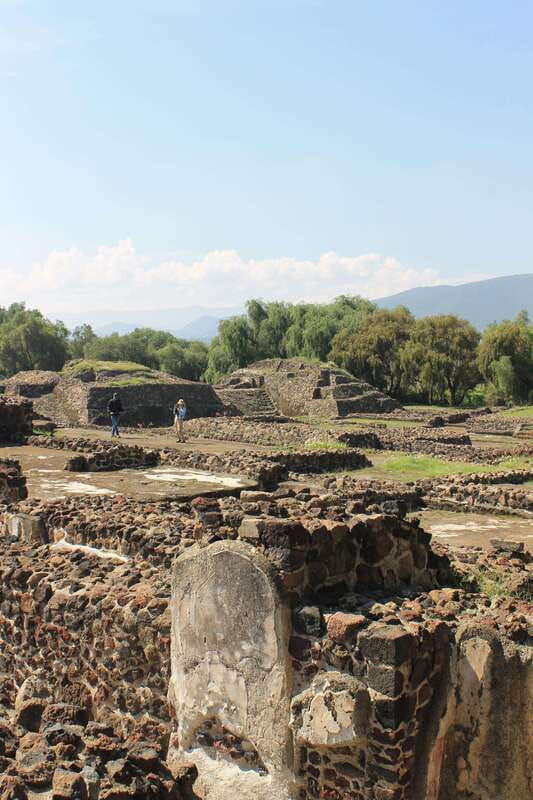 Teotihuacan from Mexico City with early access - What $65 includes, and what it does not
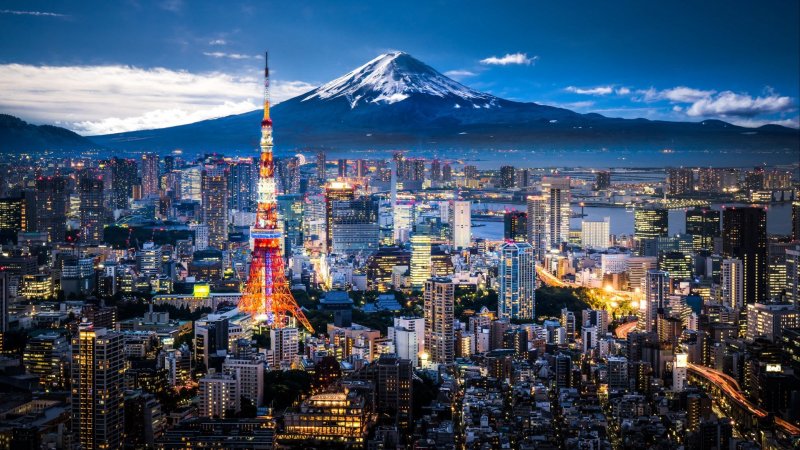 A3V: Japonsko – Nikko, Nara, Tokyo, Osaka, Hiroshima, Kogoshima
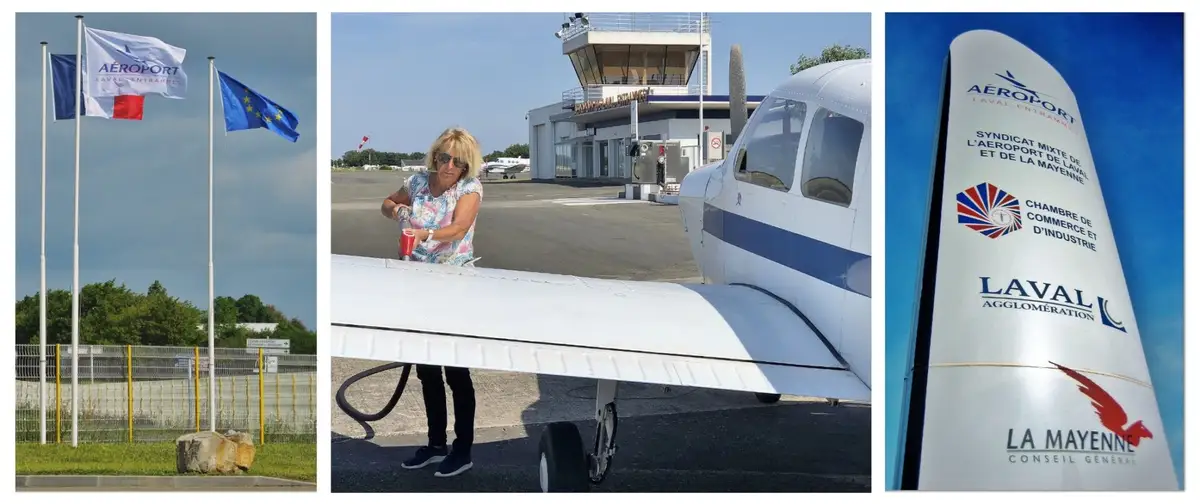 Foto von der Website von Aerotomservices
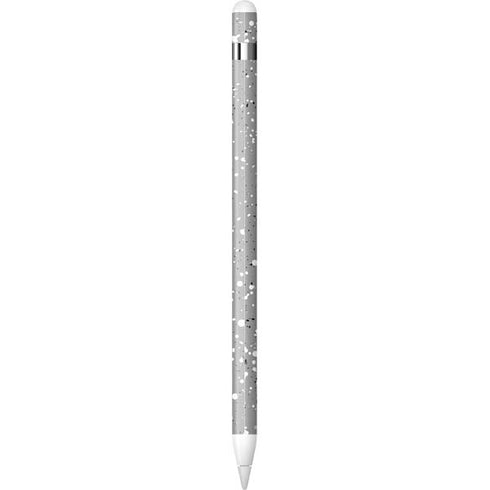 Grey Speckle Apple Pencil (1st Gen, 2017) Skin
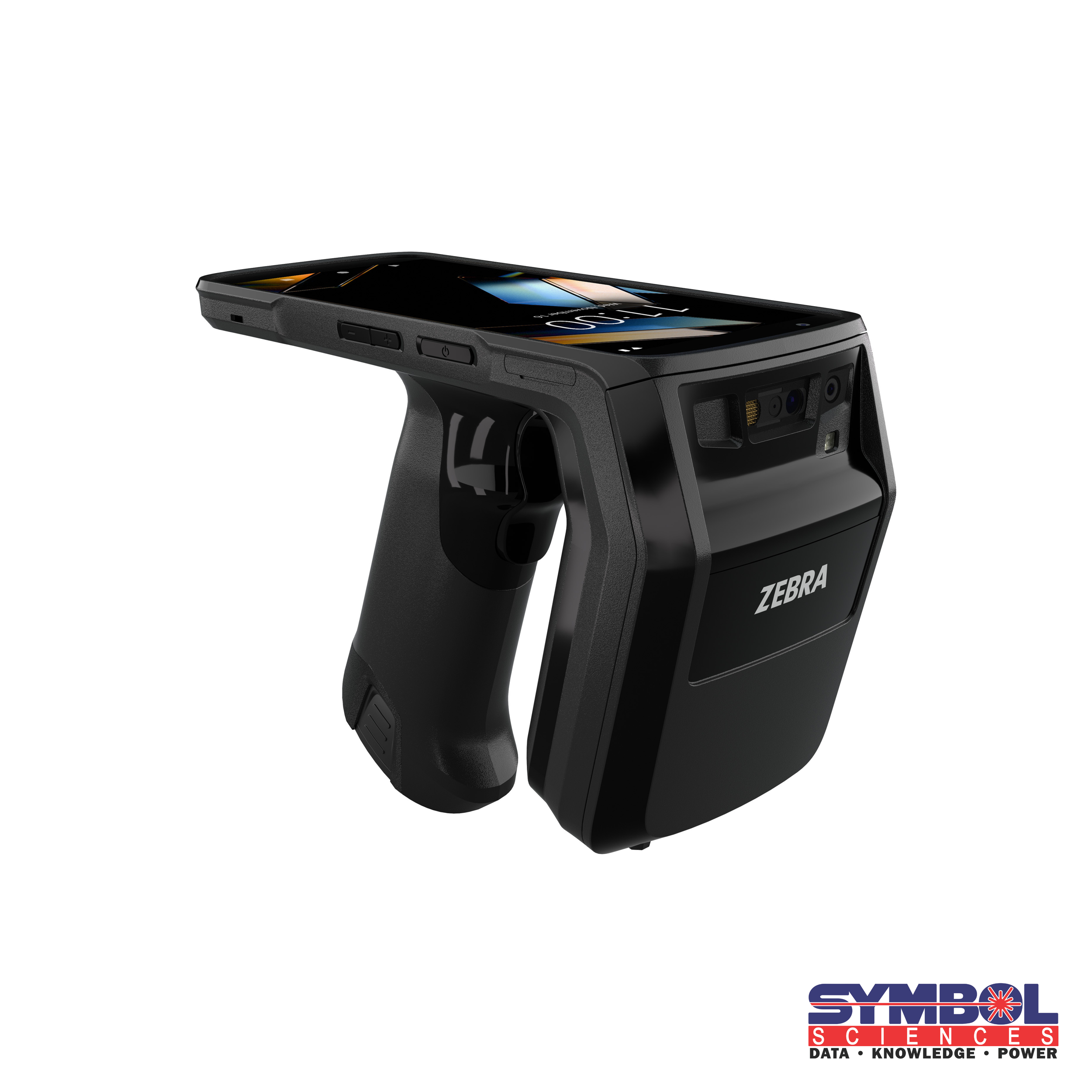 TC22R Integrated Handheld RFID Reader — Symbol Sciences, Inc.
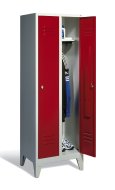 Szafka BHP pracownicza na nogach CP 8010-20 - 4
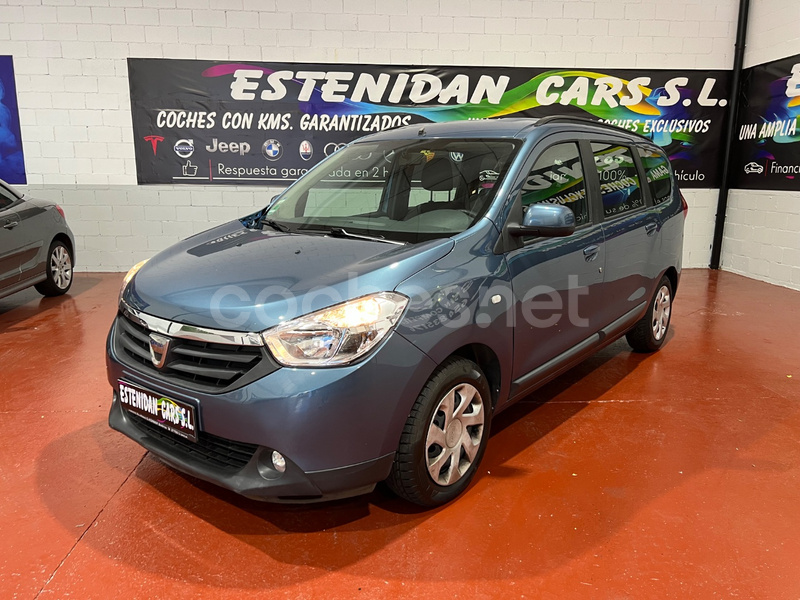 DACIA Lodgy Laureate dCi 110 5pl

**Task to complete:** In the answer, the lines from the one containing "TC22R Integrated Handheld" to the end of the records above must be written out exactly, both ends included; the pictures must not appear.

**Expected output:**
 TC22R Integrated Handheld RFID Reader — Symbol Sciences, Inc.
 Szafka BHP pracownicza na nogach CP 8010-20 - 4
 DACIA Lodgy Laureate dCi 110 5pl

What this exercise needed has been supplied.